Joel: LinkedIn for those who aren't on LinkedIn.
Chad: Yes, for the 70 percent of people who are not on LinkedIn, JobCase. That's your play. That's their new slogan.
Joel: Did we just come up with their marketing campaign? They get $100 million in funding and we just came up with their marketing.
Chad: We've already ...
Joel: Say it ain't so. Let's get to the news, because ...
Joel: ... news is hot this week.
Joel: We leave the country and things fall apart.
Chad: So hot.
Joel: Google ...
Chad: What is up with this?
Joel: ... Hire ...
Chad: This is crazy.
Joel: ... letter goes out to users this week that they are sun setting the product.
Chad: In a year.
Joel: The Internet's go wild with conspiracy theories, opinion. What are your takeaways on this move? Because shock is the first thing that came to my mind.

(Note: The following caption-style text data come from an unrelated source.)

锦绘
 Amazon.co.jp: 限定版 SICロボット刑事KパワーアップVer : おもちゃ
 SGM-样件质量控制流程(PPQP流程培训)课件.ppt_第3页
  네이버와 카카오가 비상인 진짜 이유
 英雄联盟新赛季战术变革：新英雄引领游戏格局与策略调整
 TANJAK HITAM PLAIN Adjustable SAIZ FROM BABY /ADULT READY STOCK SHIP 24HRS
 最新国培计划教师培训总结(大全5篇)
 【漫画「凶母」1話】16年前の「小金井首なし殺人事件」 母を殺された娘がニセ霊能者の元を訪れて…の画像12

Chad: I think the Google Hire team was shocked and here's why I think the Google Hire team was shocked ...
Joel: It's Hire by Google, we should get it right.
Chad: Okay, yeah, they should just first and foremost stop changing the name, but ...
Joel: I think they are. I think they're done changing the name.
Chad: Now, they're going to stop changing the name, yeah. That's why. They finally found the name, they're like okay, we're done.
Joel: Maybe that's the hidden reason.
Chad: It could've been.
Joel: What do we call ourselves this month? Damn it, we can't come up with anything, so let's just shut it down.
Chad: We're done. So, last week, they were doing webinars about sampling HR integrations, partnerships, those types of things. Earlier this month, they released a customer-success video from Four Points Brewing, I believe it is, so all of this was happening and they're driving this amazing content and they're doing all the right things.